Dataset content:
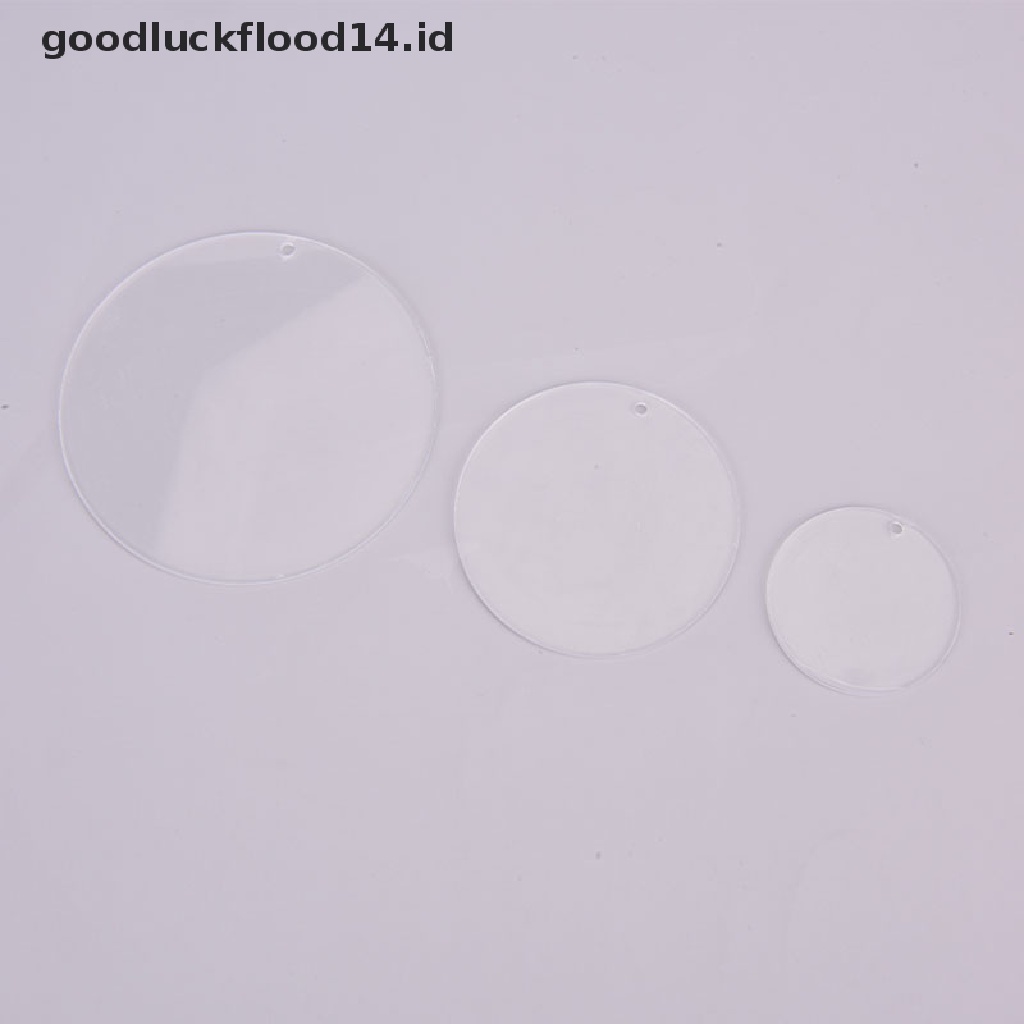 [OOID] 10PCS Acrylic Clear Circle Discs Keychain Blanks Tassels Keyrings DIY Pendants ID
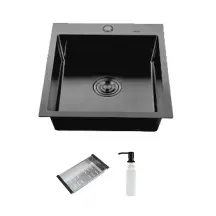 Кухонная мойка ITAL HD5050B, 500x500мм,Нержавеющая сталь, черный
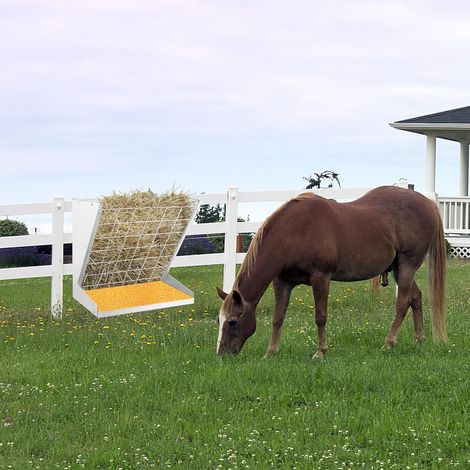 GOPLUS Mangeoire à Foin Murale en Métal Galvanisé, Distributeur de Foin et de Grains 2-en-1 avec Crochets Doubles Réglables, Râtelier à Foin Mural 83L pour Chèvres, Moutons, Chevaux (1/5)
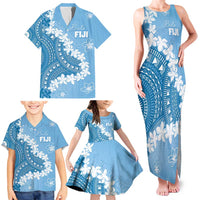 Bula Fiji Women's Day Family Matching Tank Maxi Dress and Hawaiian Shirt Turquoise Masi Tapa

What to produce:
From the material above, reproduce everything verbatim except the pictures.

Answer section:
 [OOID] 10PCS Acrylic Clear Circle Discs Keychain Blanks Tassels Keyrings DIY Pendants ID
 Кухонная мойка ITAL HD5050B, 500x500мм,Нержавеющая сталь, черный
 GOPLUS Mangeoire à Foin Murale en Métal Galvanisé, Distributeur de Foin et de Grains 2-en-1 avec Crochets Doubles Réglables, Râtelier à Foin Mural 83L pour Chèvres, Moutons, Chevaux (1/5)
 Bula Fiji Women's Day Family Matching Tank Maxi Dress and Hawaiian Shirt Turquoise Masi Tapa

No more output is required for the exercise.